Canadians are smoking pot more than ever before and the majority want police and government to leave people to indulge in peace.

A new poll for the advocacy group NORML Canada shows for the first time that more than half of Canadians effectively support legalization, with 57 per cent reporting that people should be "left alone" if they are caught with small amounts of marijuana for personal use.

A advance copy of the survey was given to CanWest News Service on Wednesday, the same day the federal government released a study of 13,000 Canadians showing that marijuana use has doubled in the last decade.

Fourteen per cent of those surveyed for the federal study said they smoked pot in the last year, up from 7.4 in 1994. The study also revealed that almost 30 per cent of 15- to 17-year-olds and 47 per cent of 18- and 19-year-olds had used marijuana in the last year.

"This is really a rude awakening for the government," said Jody Pressman, executive director of the advocacy group NORML Canada.

"Government is going in the wrong direction if it thinks decriminalization is a step forward," said Pressman, whose pro-marijuana group commissioned the poll.

The survey also reveals that only eight per cent support criminalizing marijuana if it leads to jail time. Another 32 per cent believe that pot possession should be punished by fines rather than criminal records, a middle ground that is currently proposed in a federal bill winding its way through Parliament.

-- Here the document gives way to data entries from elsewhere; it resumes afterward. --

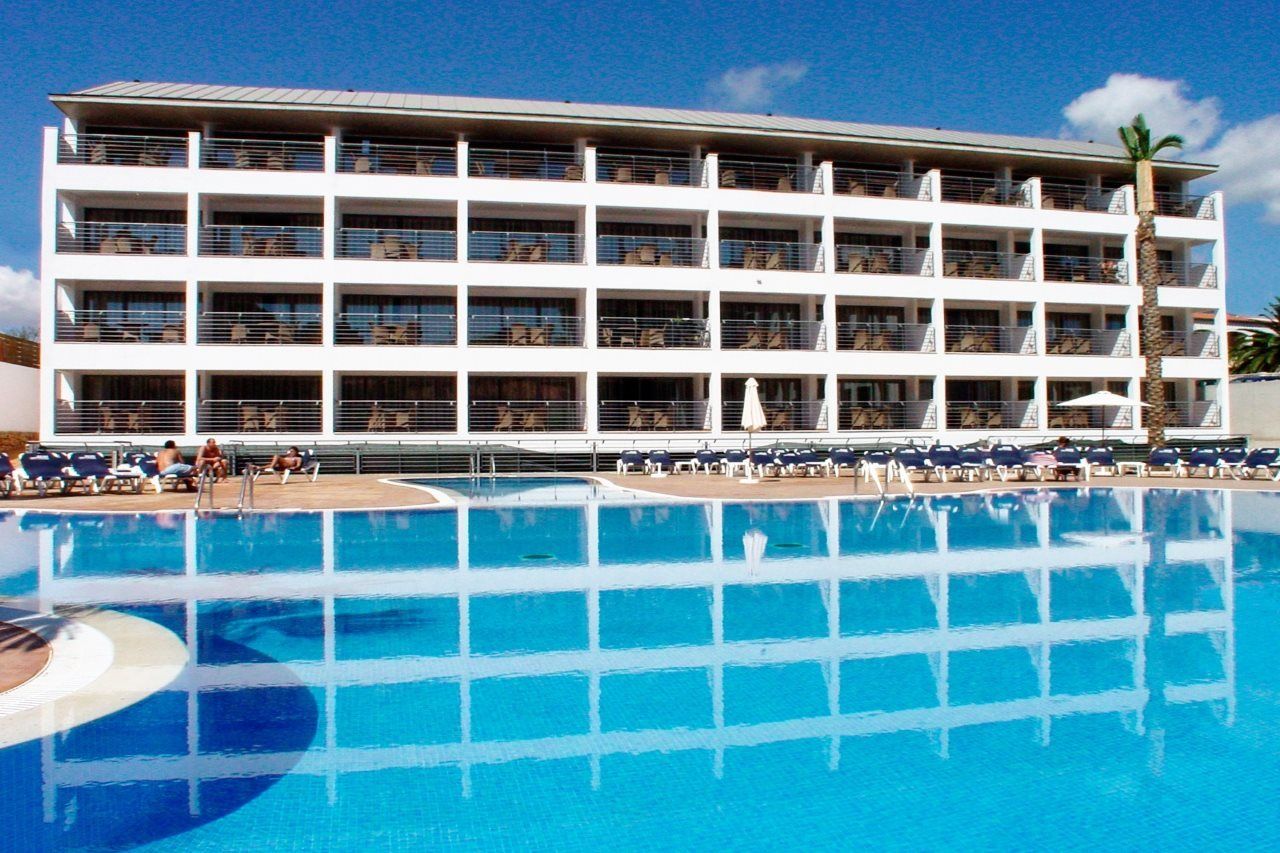 Hotel Alcossebre Extérieur photo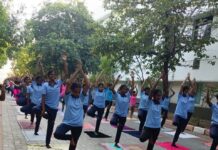 International Yoga Day ’25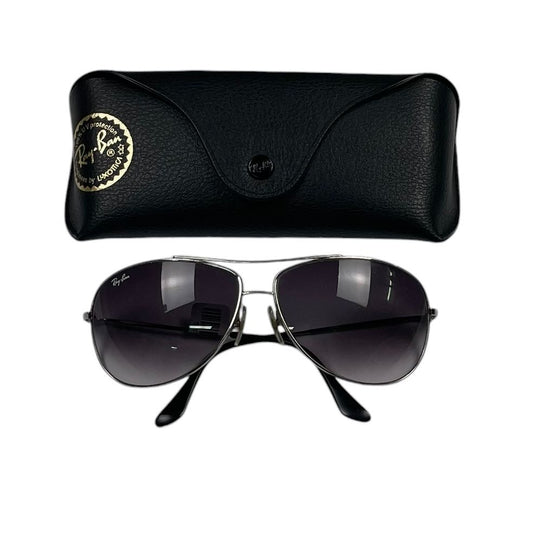 RAY BAN  Lentes de Sol  Plateado  Talle Unico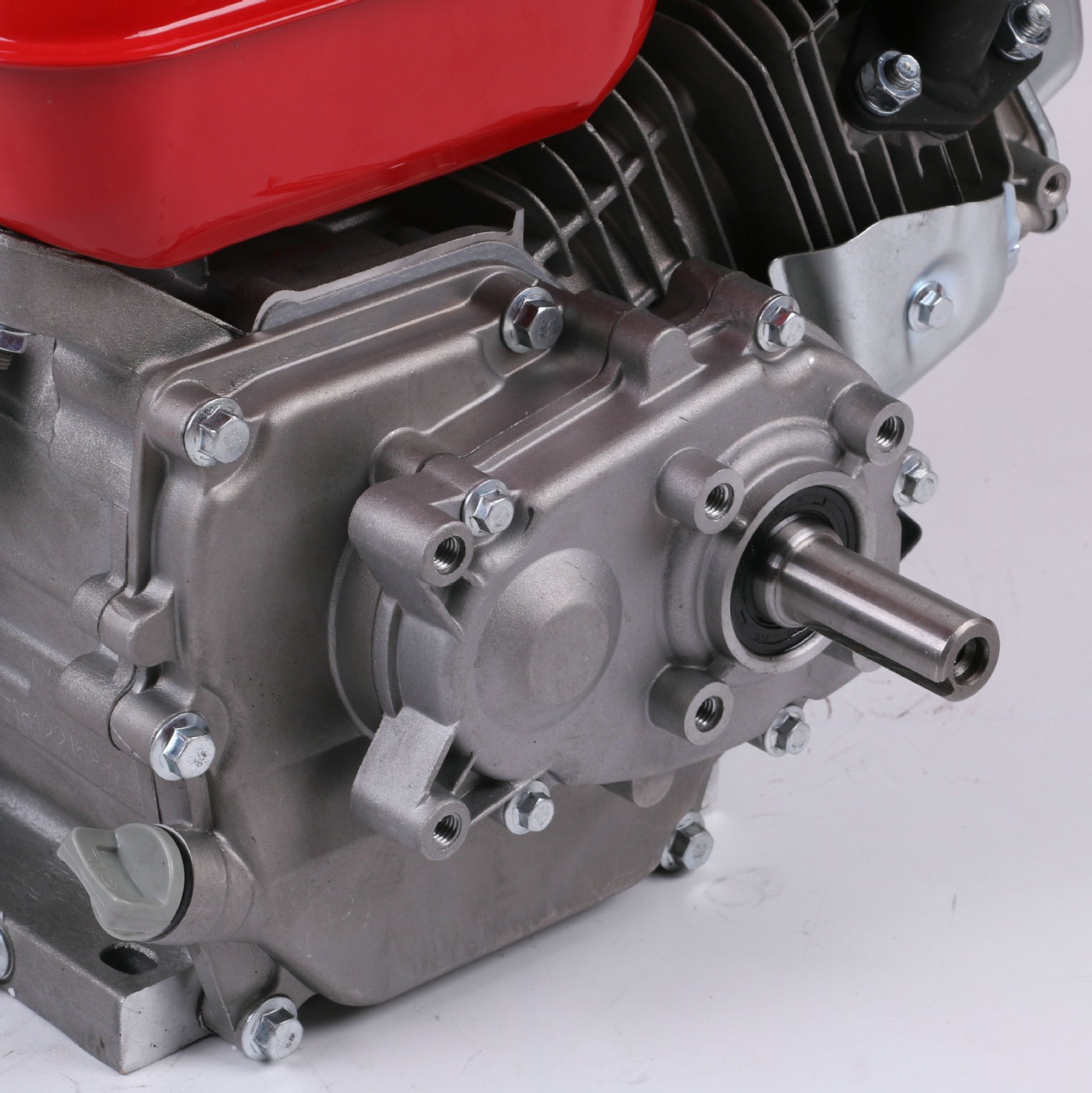 170F单缸四冲程减速汽油发动机农业 打谷机 鸡公车微耕机转速1800图3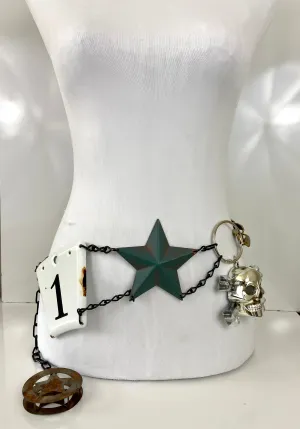 It’s a lot belt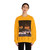 Laid Table with Cheeses and Fruit (detail) (Artwork) Crewneck Sweatshirt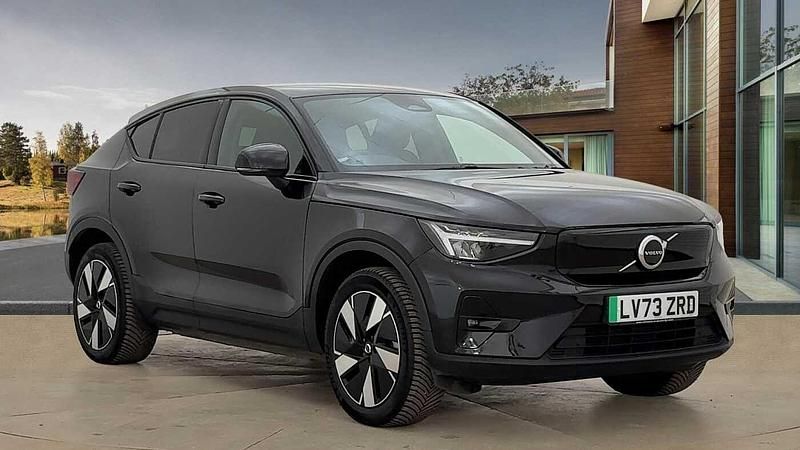 Used 2024 Volvo EC40 Plus SUV | £26,995 - Image 1/4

NORML wants the federal government to scrap its controversial decriminalization bill and bring in an end to prohibition and begin regulating the industry.

"It's easier to get marijuana on a schoolground today than it is to get alcohol or cigarettes because we don't apply the same regulatory measures to marijuana to keep it away from young people," said Pressman.

SES president Nikita Nanos attributed the hike to the government "normalizing" marijuana use through its policy of allowing people to smoke for medicinal purposes.

The survey shows that Canadians are softening on marijuana laws at a time when some police and parts of the business community, and especially the U.S. government, are stepping up their opposition.

While the latest poll reveals that only eight per cent support criminalization if it means going to jail, it did not gauge opinion on the far more likely scenario of people receiving a criminal record but escaping jail.